It's been almost a month since I've had the chance to post anything. Some good things in the works, but for right now, I'll keep them under wraps I applied for a new grant which I have snowball's chance in hell getting, but hey you have to put yourself in it, to win it. Ultimately, I don't mind writing grants, it makes me reflect on my work, which I think for an artist is always important. The latest reflection: In the grant application I was asked to write a personal statement as to what I thought my role as an artist is today and in the future. This was my response....
My role as a theatre artist today and in the future, is rooted in the past. It was carried in the form of a song across the middle passage, hidden under the tongue of an African captive. A song that sung of sorrow, but knew hymns of joy. Rhythms that leap from the slave’s fingertips while plucking King Cotton from his womb, a song that saved him, even with chains on his feet. Three hundred years later, I know I was meant to sing that song for him before the world has forgotten the words.
More recently I was reminded in a workshop I was teaching why I do this, when a student asked “What was the job of the poet”. I knew the answer was on a wadded piece of paper in my pocket. A slightly over-weight girl had given to me when no one else was looking. She was sixteen, and just lost her premature baby because her body wasn’t ready to carry to full term. The first time she talked about it, was in a poem lying dormant in my pocket.
As an artist, I find my work gravitating to the stories of people like, Crosley Alex Green who sits in a cell on Florida’s Death Row for a crime he could not have committed. The poor, the disenfranchised, the weak, those just out of reach of the light, who have no way of letting their voice be heard, is where my role screams it’s providence in my ears.
The first play I wrote was a reaction to meeting a homeless man on a subway late one night. I found myself feeling disgusted by the man, who had done no harm to me, all he wanted was someone to listen to him, to hear his story, but I was too wrapped up in my own life, and had no time for his.
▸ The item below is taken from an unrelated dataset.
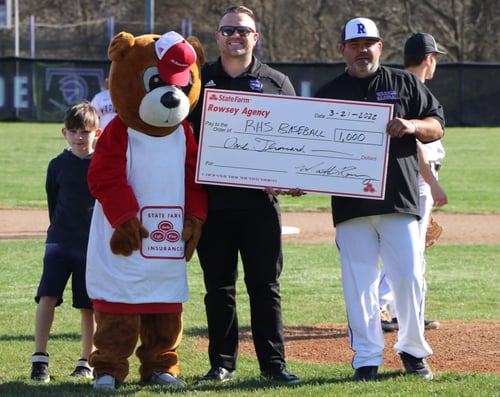 Matt and Mr. Neighbear holding a donation check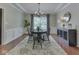 Elegant dining room featuring decorative trim, chandelier, and a large window with curtains at 4084 Mountbatton Dr, Greenwood, IN 46143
Later that night, I was embarrassed by my reaction, and realized my behavior was indicative of today’s society. Slowly bits of our humanity have been stripped away and sacrificed on the altar of everyday life. It’s too easy to become wrapped up in our own lives and never see the beauty, the pain, and the brilliance of the person standing next to us on the train. That night in an effort to make amends to a man I knew I would never see again, I wrote his story, the first monologue in my play Essential Personnel.
As a theatre artist, this is my calling to remember those who have come before me, and pass that knowledge on to those who will be here after me. To find our collective pain, and heal those wounds. To fight for those who don’t have the strength or voice to be heard. To reconnect myself and the audience to what it means to be human. To make the world a better place. One play at a time.